Still, despite advocates' claims otherwise, Alaskan law enforcement maintains that sex does not happen between sex workers and officers. "There is no phenomenon of sex workers having sex with undercover police officers in Alaska before being arrested by them," said Tim DeSpain of the Alaska State Troopers. "Sexual relations with the subject of a prostitution investigation exceeds the authority allowed to an officer during an investigation and the officer engaging in this conduct could be charged with the crime of prostitution."
Officers also feel that eliminating the "gray zone" of sexual contact — not sex, but for a sex worker, still incriminating — will hinder their ability to investigate sex workers. "[In an undercover investigation] they ask one simple question: 'Touch my breast.' OK, I'm out of the car. Done. And the case is over," Anchorage Police Department Deputy Chief Sean Case told the Alaska Dispatch News. "If we make that act [of touching] a misdemeanor we have absolutely no way of getting involved in that type of arrest."
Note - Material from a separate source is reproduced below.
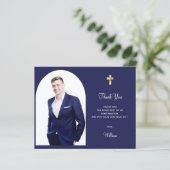 Bestätigung Foto Junge Marine Blau Dankeschön Kart (Stehend Vorderseite)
Even the Senate bill's sponsor, Sen. Berta Gardner, has mostly given up on passing the legislation, telling the Alaska Dispatch News that she has "decided to focus her efforts elsewhere." Nonetheless, Alaska advocates at CUSP say their attempt at lobbying for no-contact legislation is important because it has shed much light on the issue. “This is a national problem, and Alaska is at the forefront of the solution,” CUSP's Burns said.